When nations go to war, each claims that God is on their side. When rival business interests battle before Congress, each claims that they are on the consumer's side.

Today the banks and the retailers are in a knock-down, drag-out fight over the fees that banks charge stores, restaurants, gas stations, etc., when customers use a debit card to pay for their purchases. Each side claims, most sincerely, to be seeking the best outcome, not for their own managers and stockholders, but for their beloved customers.

Choosing sides in this fight between Uncle Moneybags and Daddy Warbucks is difficult. The only hope for the consumer, and for many a small business, is that Congress and the Federal Reserve might come to their rescue, with rules that regulate without strangling anyone.

Putting a standard retailer's tool to good use, Utah businesses ran full-page ads in Monday's Salt Lake Tribune and other newspapers slamming Utah's freshman Sen. Mike Lee for allegedly siding with the forces of evil (i.e. "Wall Street banks") and against Utah's small businesses.
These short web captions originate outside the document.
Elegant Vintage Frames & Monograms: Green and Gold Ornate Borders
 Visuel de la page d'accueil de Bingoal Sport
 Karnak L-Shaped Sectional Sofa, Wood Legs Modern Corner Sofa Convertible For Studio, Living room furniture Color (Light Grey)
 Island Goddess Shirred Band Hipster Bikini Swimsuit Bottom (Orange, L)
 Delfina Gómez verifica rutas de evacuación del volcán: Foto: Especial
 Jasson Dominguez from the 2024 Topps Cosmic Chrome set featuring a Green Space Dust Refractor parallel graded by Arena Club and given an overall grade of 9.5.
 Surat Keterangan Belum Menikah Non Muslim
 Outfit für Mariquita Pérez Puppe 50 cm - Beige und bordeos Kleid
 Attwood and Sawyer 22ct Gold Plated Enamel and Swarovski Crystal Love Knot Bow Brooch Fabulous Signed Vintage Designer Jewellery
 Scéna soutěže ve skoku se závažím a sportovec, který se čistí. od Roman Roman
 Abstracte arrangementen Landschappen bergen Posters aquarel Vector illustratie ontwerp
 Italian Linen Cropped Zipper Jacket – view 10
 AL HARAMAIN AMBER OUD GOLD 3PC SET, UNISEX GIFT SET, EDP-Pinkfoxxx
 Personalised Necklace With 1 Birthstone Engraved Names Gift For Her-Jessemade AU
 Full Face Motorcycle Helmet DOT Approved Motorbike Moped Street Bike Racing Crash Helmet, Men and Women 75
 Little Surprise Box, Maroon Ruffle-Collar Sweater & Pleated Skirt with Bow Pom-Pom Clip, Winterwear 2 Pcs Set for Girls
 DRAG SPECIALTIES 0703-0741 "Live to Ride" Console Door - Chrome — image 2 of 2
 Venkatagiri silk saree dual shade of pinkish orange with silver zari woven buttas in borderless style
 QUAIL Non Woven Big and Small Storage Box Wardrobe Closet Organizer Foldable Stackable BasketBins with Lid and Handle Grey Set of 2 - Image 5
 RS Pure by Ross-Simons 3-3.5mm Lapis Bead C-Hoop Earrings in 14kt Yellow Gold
But all Lee has done is cosponsor legislation that would delay for a year, or maybe two, a largely unknown provision in last year's financial industry overhaul law, the one that would cap the fees banks get for processing debit card transactions. Such a lid, maybe 12 cents per transaction, could cost the banks billions. Those fees now run an average of 44 cents a swipe, and add up to some $16 billion a year.

The stores say the higher costs of accepting debit card transactions would be passed along to the consumer in the form of higher prices. The banks say the lower profit of being stuck with fee limits would be passed along to the consumer in the form of higher prices for all other bank services.

The retailers have been blessed in their choice of an enemy. Siding with the industry that brought the global economy to its knees can be political poison. But the banks also have a point when they note that, without sufficient fees, the banks' extensive anti-fraud systems would suffer.

And that galls the banks no end, because storekeepers have already unloaded much of the large burden of dealing with bad checks and replaced it with a system where fraudulent debit card use is a cost to the banks.

Federal oversight of the way banks operate the debit card network, including reasonable limits on fees, is needed. A delay in the rules that were jammed into last year's law would be proper, if we can be sure that Lee, among others, can see past this clash of the titans and look out for the rest of us.